Ethnic criminals and colour-blind casting

Ethnic criminals and colour-blind casting 2013-05-25T08:32:41-07:00

Warning: This post will reveal one of the key spoilers in Star Trek into Darkness. It’s not that big a spoiler, especially if you’ve been paying any attention to the buzz around that film for the past two years, but, if by any chance you have been avoiding the spoilers around that film, you may want to avoid this post, too.

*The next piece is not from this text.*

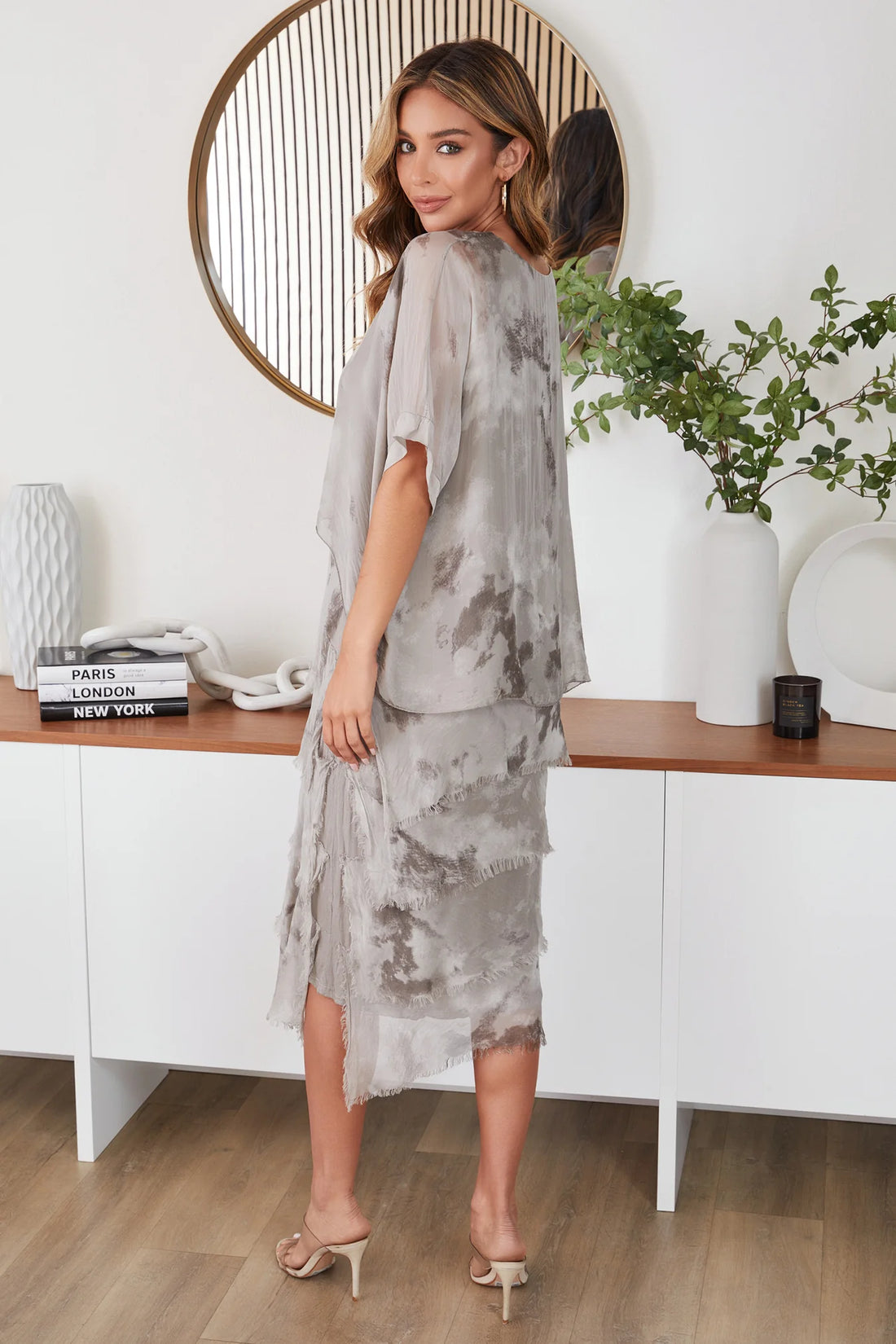 Splatter Print Ruffle Tiered Silk Dress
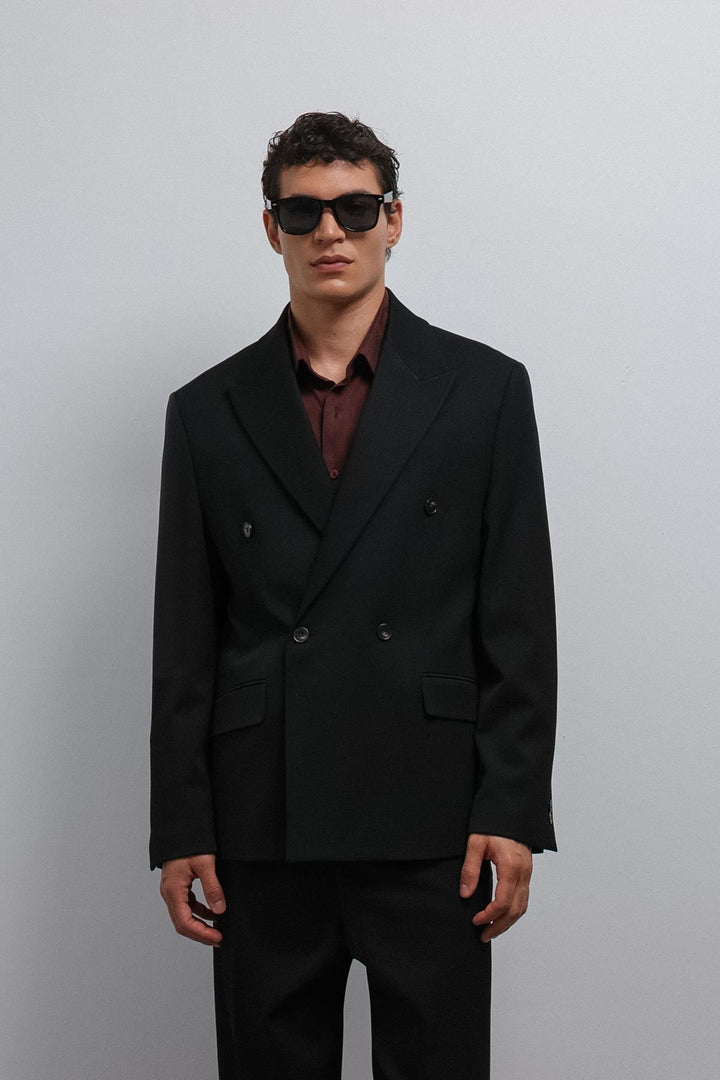 ANT Antioch Black Relax Fit Wrap Men's Blazer Jacket - Nelson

Two films in theatres right now feature significant characters who happen to be (1) villainous, or at the very least somewhat shady, and (2) members of an ethnic group that has sometimes been subject to stereotyping. In both films, the characters in question are played by members of an entirely different ethnic group — and this has puzzled some observers, who have asked if the films could have found a more creative but authentic way to navigate the issues raised by their source material.

First, Star Trek into Darkness. It was no real surprise when the film finally came out and the Benedict Cumberbatch character revealed that his real name was Khan. Given that Khan was originally played by the Latino actor Ricardo Montalban, pretty much everyone had assumed that the villain of this film would be Khan when it was revealed two years ago that J.J. Abrams wanted Benicio Del Toro for the part; when the deal with Del Toro fell through, Abrams then considered a few other Spanish or Latino actors before finally — and quite surprisingly — settling on the very English Cumberbatch.

The interesting thing here is that Khan himself is neither English nor Latino but vaguely Asian; his full name, Khan Noonien Singh, has Muslim and Sikh associations, and in the episode that introduced him back in 1967, he was described as both “probably a Sikh” and as “absolute ruler of more than a quarter of your world, from Asia through the Middle East.” Also, the superhuman beings who followed Khan were a fairly multicultural group; in one scene from that episode, Khan tries in vain to make contact with followers named Rodriguez, Ling and McPherson.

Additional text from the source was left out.